▸ **EXTRACTED DATA**

+ + + + +

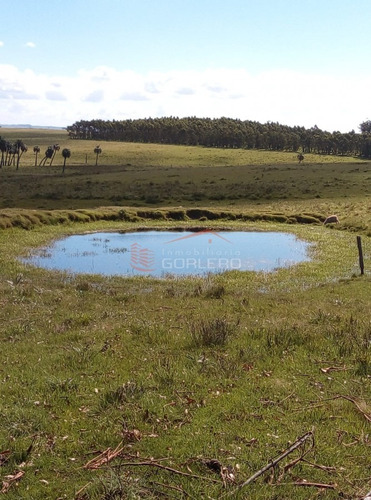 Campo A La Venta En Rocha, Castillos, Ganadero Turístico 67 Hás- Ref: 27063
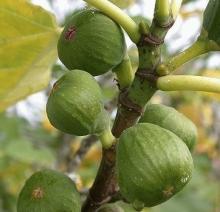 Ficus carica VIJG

+ + + + +

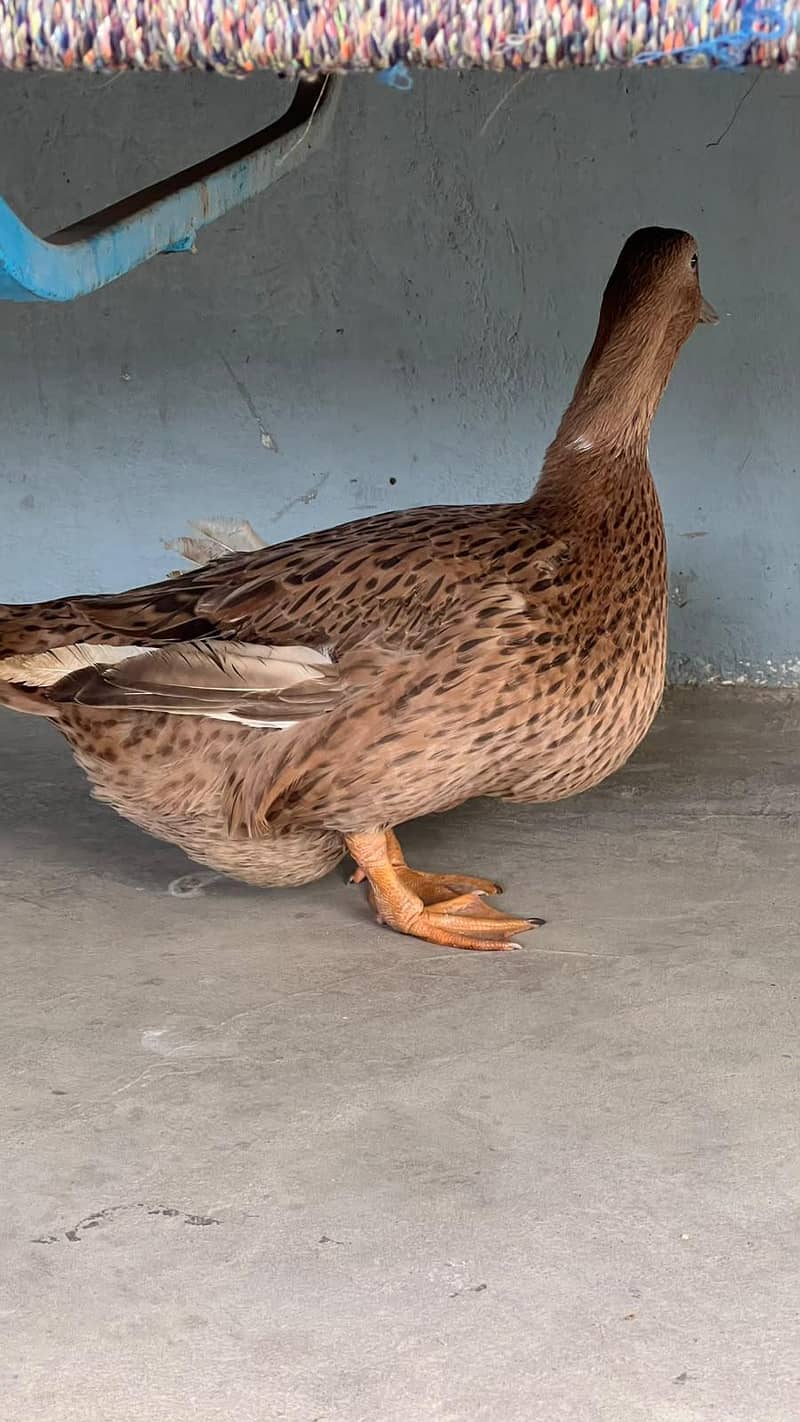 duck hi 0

+ + + + +

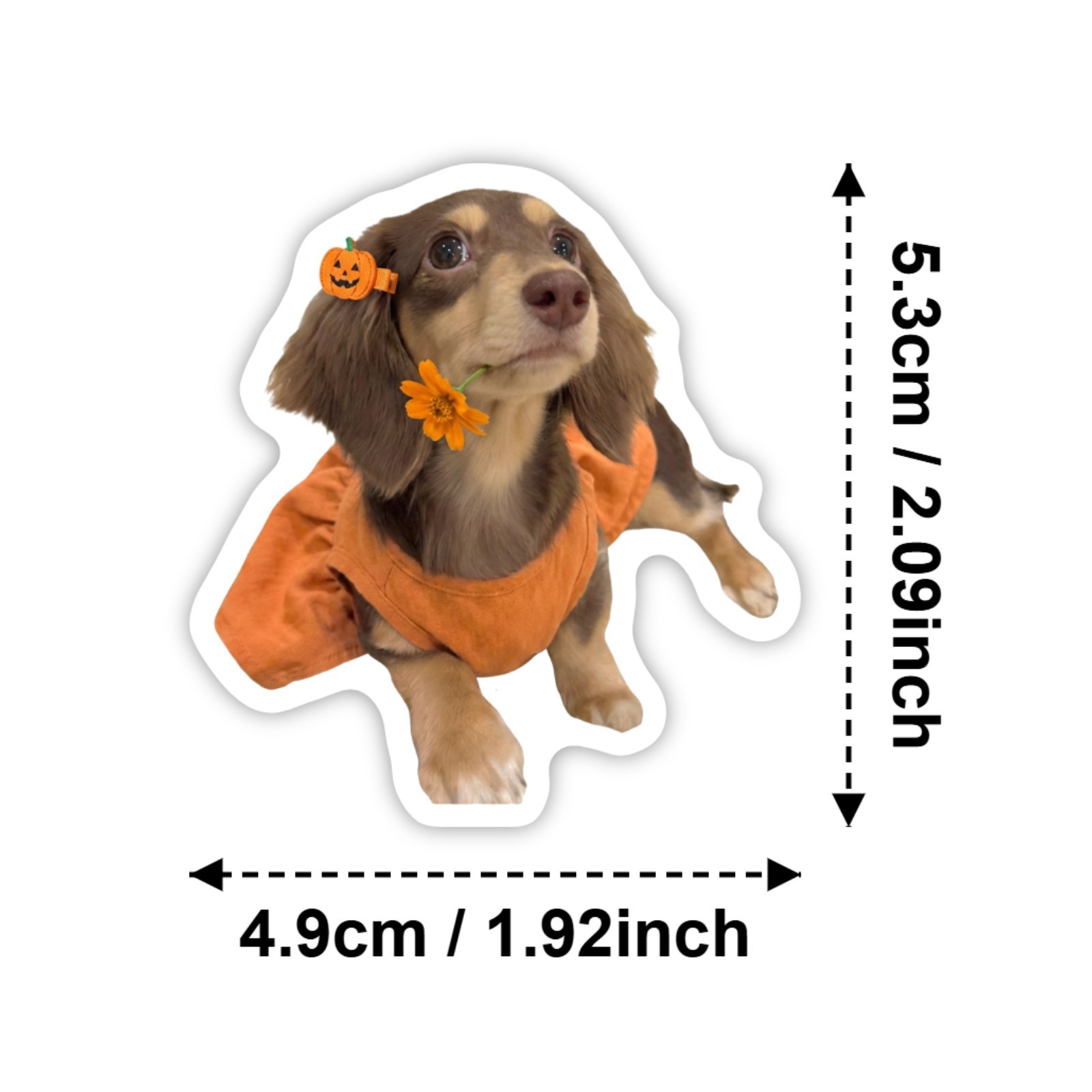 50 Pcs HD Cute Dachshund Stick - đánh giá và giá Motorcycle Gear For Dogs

+ + + + +

▸ **INSTRUCTIONS TO FOLLOW**
From the records above, write out exactly the lines that begin at the line with "Campo A La Venta" and end at the line with "Ficus carica VIJG". Pictures must not appear in the output.

▸ **PROBLEM SOLUTION**
 Campo A La Venta En Rocha, Castillos, Ganadero Turístico 67 Hás- Ref: 27063
 Ficus carica VIJG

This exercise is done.